No parece fácil determinar, a pesar de la lógica aristotélica, que una proposición bien formulada sea rigurosamente verdadera. Las aporías, paradojas o los intentos de llegar a la verdad mediante hipótesis y teorías nos hacen creer que una cosa es lo que es, cuando desde otro punto de vista resulta ser lo contrario.
En estos tiempos de crisis donde la paradoja no es la conclusión sino el incipit, vemos claramente que todos los discursos parecen aportar soluciones razonables y en seguida escuchamos otros que aportan nuevas visiones. Realmente, nadie sabe nada pero se comportan como si todo lo supieran, movidos por intereses personales, verdades propias sin fundamento universal. He ahí la paradoja del mundo occidental, un pensamiento movido por la razón que naufraga en la sin razón de su destino: abstracto, complejo, ilusorio y virtual asolado por los monstruos de la razón, que en su sueño materialista (otra paradoja) han dejado un vacío irrecuperable en el horizonte del porvenir, a pesar de los consabidos pactos de desarrollo sostenible y de globalización solidaria.
Quizá tuviera razón el viejo Plinio cuando sentenció: «Usus docet minora esse ea quae sint visa maiora» («La experiencia enseña que son menores los males que nos parecen mayores»). Sobre todo ahora, en nuestro tiempo, donde la dialéctica de la posmodernidad se distingue por su inestabilidad crítica, por su polifacética apariencia, tan cambiante como los valores de la bolsa; donde un día es el final del mundo y al otro el comienzo de un nuevo despertar.

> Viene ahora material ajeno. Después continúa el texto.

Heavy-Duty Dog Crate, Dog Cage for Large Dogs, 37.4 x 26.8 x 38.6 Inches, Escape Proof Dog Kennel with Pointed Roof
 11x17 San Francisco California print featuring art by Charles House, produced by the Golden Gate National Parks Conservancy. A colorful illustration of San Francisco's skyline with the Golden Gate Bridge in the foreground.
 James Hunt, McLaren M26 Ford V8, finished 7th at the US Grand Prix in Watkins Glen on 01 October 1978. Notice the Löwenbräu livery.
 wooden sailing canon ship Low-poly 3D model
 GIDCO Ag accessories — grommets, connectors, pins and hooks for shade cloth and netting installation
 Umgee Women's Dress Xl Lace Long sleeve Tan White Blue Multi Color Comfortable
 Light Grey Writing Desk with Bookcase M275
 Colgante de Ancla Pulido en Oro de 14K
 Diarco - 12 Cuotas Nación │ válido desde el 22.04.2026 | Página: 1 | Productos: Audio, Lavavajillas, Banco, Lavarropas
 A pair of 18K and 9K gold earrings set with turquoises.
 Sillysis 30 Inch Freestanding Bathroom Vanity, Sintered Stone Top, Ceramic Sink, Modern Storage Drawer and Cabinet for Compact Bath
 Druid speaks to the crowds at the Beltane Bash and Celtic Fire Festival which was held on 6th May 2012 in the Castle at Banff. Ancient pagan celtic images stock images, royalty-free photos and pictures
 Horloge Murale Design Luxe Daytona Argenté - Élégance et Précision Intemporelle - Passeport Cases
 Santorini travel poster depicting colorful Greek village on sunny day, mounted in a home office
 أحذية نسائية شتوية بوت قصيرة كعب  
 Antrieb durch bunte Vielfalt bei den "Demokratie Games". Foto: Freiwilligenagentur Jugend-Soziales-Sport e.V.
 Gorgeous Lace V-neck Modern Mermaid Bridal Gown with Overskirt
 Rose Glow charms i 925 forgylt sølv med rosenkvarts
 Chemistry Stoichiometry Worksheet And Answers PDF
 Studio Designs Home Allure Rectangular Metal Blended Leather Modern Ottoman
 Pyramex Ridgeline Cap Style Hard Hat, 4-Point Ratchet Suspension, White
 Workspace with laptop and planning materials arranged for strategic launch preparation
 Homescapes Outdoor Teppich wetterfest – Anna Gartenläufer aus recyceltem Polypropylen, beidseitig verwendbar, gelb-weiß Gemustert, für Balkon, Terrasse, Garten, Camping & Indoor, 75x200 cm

La razón enferma cuando no es sostenida por una voluntad libre (diría Schopenhauer), todo falla cuando las verdades están entrampadas por intereses, motivaciones y egoísmos; ya ideológicos, estéticos, religiosos, económicos o lo que fuese.
En tiempos de crisis conviene mirar al frente con sólidas y fuertes convicciones avaladas por el sello del libre pensamiento y no por las iglesias, los bancos o los partidos políticos. En tiempos de crisis (y ése es el verdadero sentido de la palabra crisis) todo cambia, inevitablemente. Puede que la crisis sea un pretexto para el cambio, una lógica y necesaria causalidad para evitar el ahogo del planeta ante su propia opresión sistemática.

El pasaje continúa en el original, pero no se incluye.